Take Wright's two touchdowns, one each in the last two games. That's the beginning of a nice little run for Wright, but it takes on a little more significance when you consider that Wright is a) a Tampa Bay Buccaneers tight end and, b) a former undrafted rookie free agent.
See, the Buccaneers were getting virtually nothing from the tight end position this season (four catches for 44 yards and no scores through three weeks) until Wright began his surprising emergence in Week Four against Arizona. And certainly the Buccaneers have rarely seen this kind of out-of-the-box production from an undrafted rookie pass-catcher of any kind. Wright is just the third undrafted player in team history, in fact, to have at least two touchdown catches in his rookie season.
Go a step further and factor in that, until mid-June, Wright was by trade a wide receiver, the position he played throughout his college career at Rutgers. That makes his production – 24 catches for 259 yards and two TDs – all the more impressive, and would seem to suggest a very high ceiling for the Bucs' latest conversion project.
“I don’t have the position down at all," he said on Monday with a wide smile, a day after catching four passes for 58 yards and a score in the Bucs' overtime loss in Seattle. "Every day, I go out there and work and try to get better, try to perfect my craft. There’s some similarities that go into it as [far] as being a catching tight end and being a receiver, but I feel like, when you’re down there, inside the lines, you’ve got to bow up. You’ve got to have a lot of heart. There’s a lot of technique that goes into it, but I feel like I’m learning, I feel like I’m progressing and I’m getting better at it.”

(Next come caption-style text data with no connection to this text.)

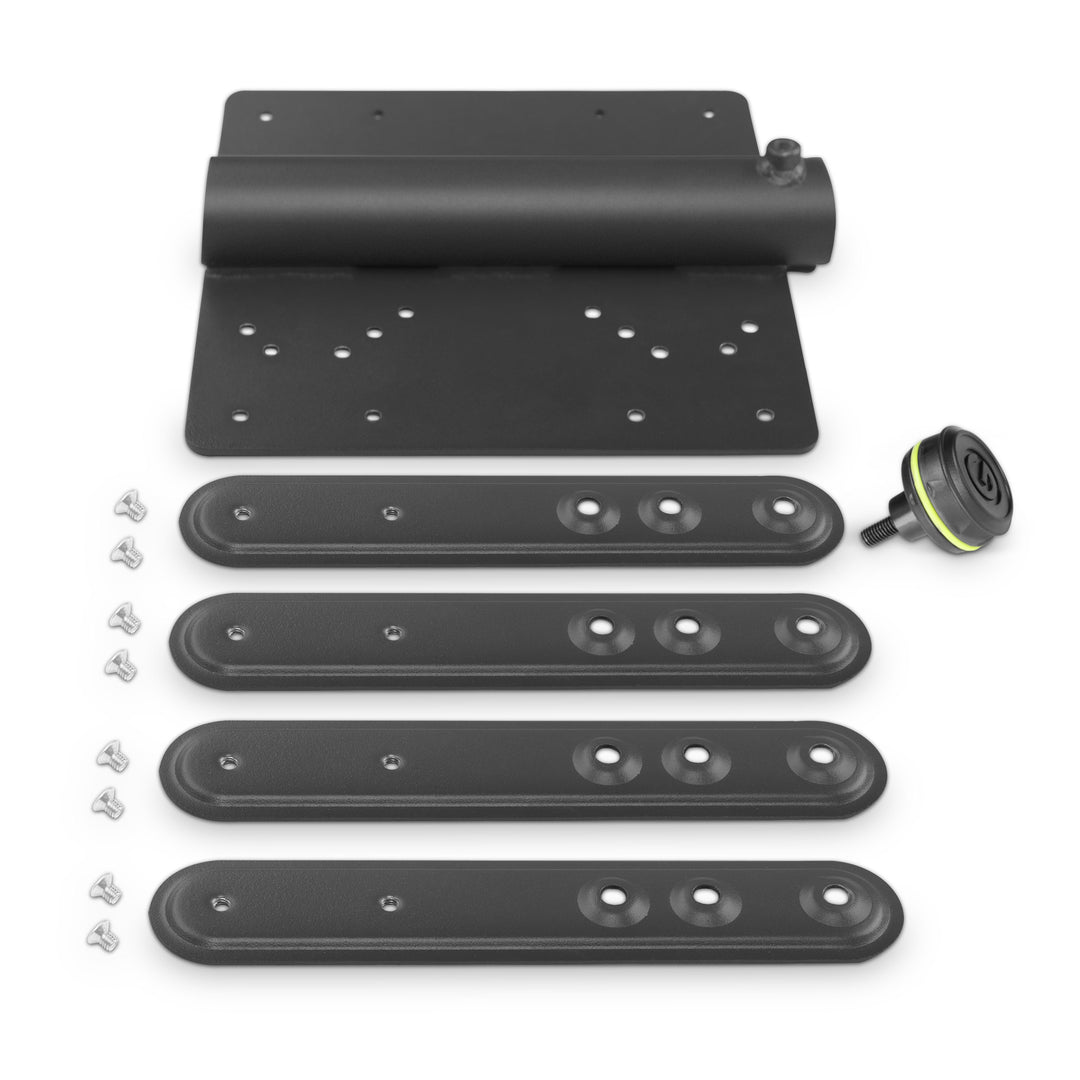 Gravity SA VESA 1 - staffa per LCD TV/monitor montata su asta da 35 mm con 7 schemi di fori VESA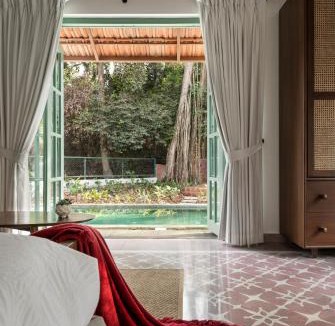 Assagao House | Villa Cardo 4 BHK in Assagao with Huge Private Pool & Big Garden Standalone Villa with Caretaker & Security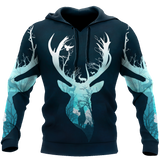 Max Corner Deer Hunting Tree Life 3D All Over Printed Shirts Gift For Hunter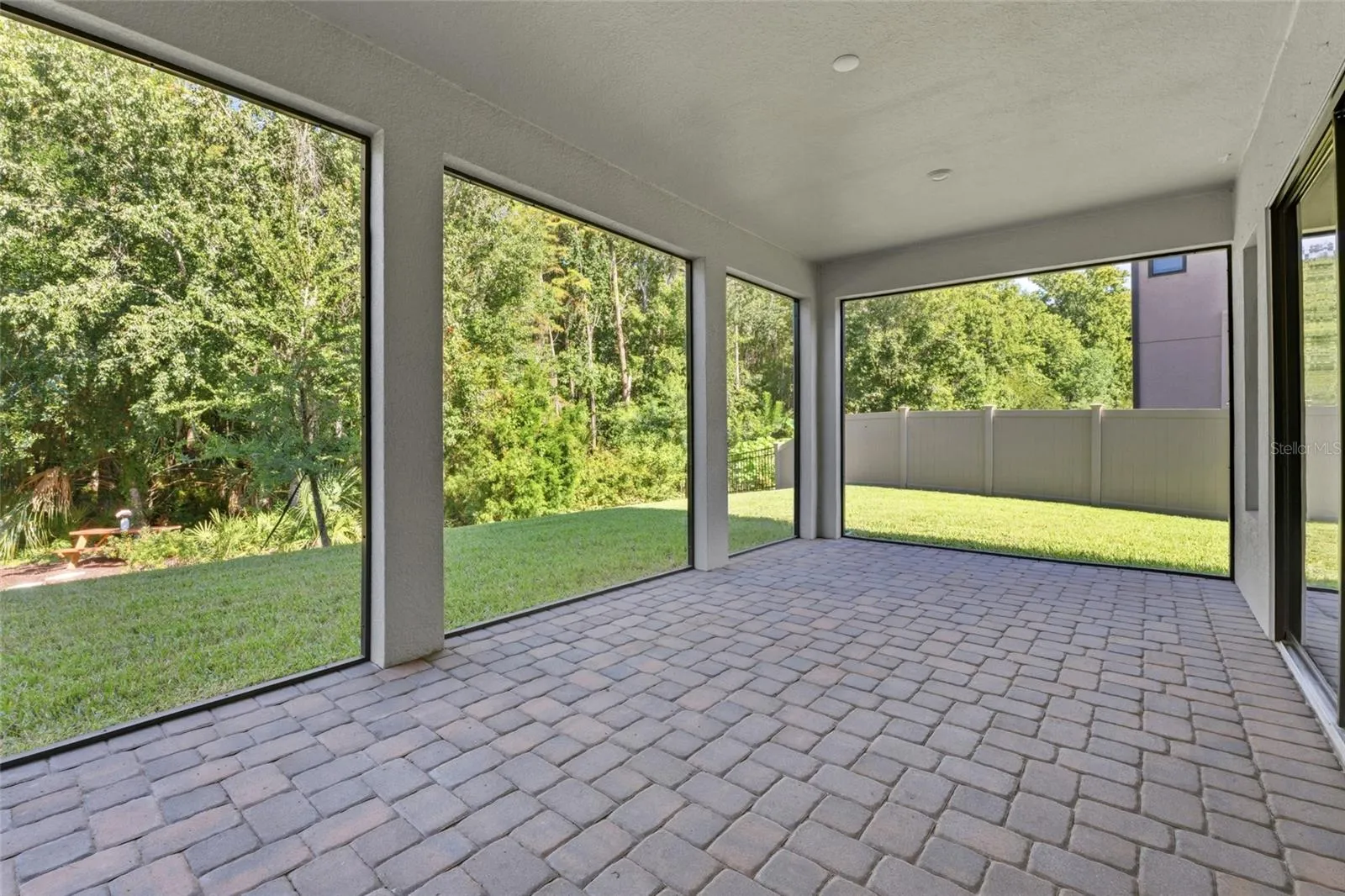 Panoramic Screens on the Downstairs Patio for taking advantage of the views(They regularly see Deer, hawks etc)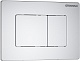 Grossman Инсталляция для подвесного унитаза Classic 97.04.01M с белой матовой клавишей смыва – картинка-32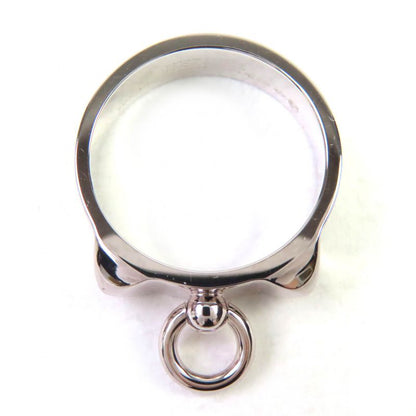 Hermes 2024 24ak147567 Collier De Chien PM Ag925 Ring Silver 51 Size Approx 11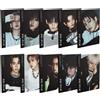 TREASURE 3° mini album LOVE PULSE SPORTY versione casuale CD + libro + P.Card...
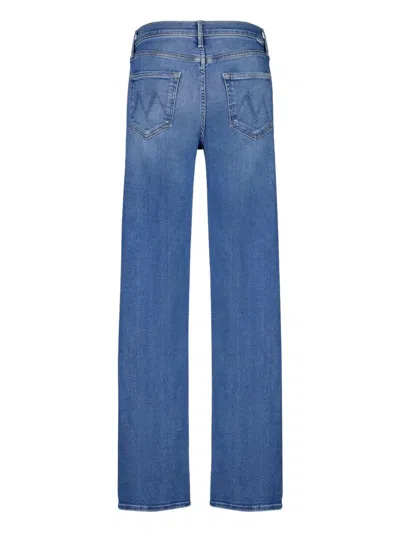 Mother The Weekender Fray A Groovy Kind Of Love Flare Jean In Blue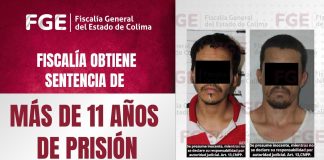 FGE obtiene sentencia de más de 11 años de prisión contra dos hombres por tentativa de homicidio calificado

"I prepare like a professional; I don’t prepare like I’m an undrafted free agent rookie," he said. "I look at myself as a starter, and I just want to continue to do that and produce for my team.
“I just look at it as I’m a professional now. I go out there and I prepare like a professional. If things are coming to me, I feel like it’s an opportunity, and I just try to take full advantage of it. Coming in as an undrafted free agent, you had the odds stacked against you, but I feel like, as long as you work hard and keep faith, you take coaching and you carry yourself as a professional – you go out there and do your job – good things will come.”
Indeed they have so far for Wright, who has at least two catches in each of the last five games and is seeing ever-increasing snap totals as he proves he can handle the other aspects of being an NFL tight end. Obviously it was Wright's size (6-4, 220) that made the Buccaneers' coaching staff believe they could convert him to a more rugged position on offense, but there are plenty of tight ends of that size on the fringes of the NFL, trying to make it. The key is putting the whole package together, being at least reliable in all aspects of the position so that you're biggest strengths have a chance to emerge. On Monday, Head Coach Greg Schiano praised Wright for his efforts this season, and it had nothing to do with the valuable numbers he has been contributing to the offense. Rather, Schiano said that Wright has been doing a good job of executing his assignments for the last four games in a row.
Of course, Wright came to Tampa with some knowledge of what Schiano would be expecting of him, having played for the Bucs' coach during four of his five seasons at Rutgers (including a red-shirt year).
“I feel like it’s the details," said Wright. "Coach Schiano is a very detailed coach. That’s why, when I was coming in as a freshman, it was definitely a big step for me, when I was at Rutgers. All the details that he coached, it was something new to me, and I had to adjust to it, and I think that, over the five years that I was there, four years being with him, I grew to realize how important the details are in a football game. It’s a one-in-11 game – you’ve got to be responsible for your own job and then the 10 other guys on the field at that time have to be responsible for their job – and when 11 people collectively work together and execute their job, good things will happen."
When 11 people collectively work together and execute their job, good things will happen.
“I feel like we do have a little connection that goes unseen, that goes between the lines, that we worked on in the offseason and different things like that, talking over it in the meeting rooms and different things of that nature," said Wright of his relationship with his quarterback. "We have a great connection working together, and it’s coming along for us.”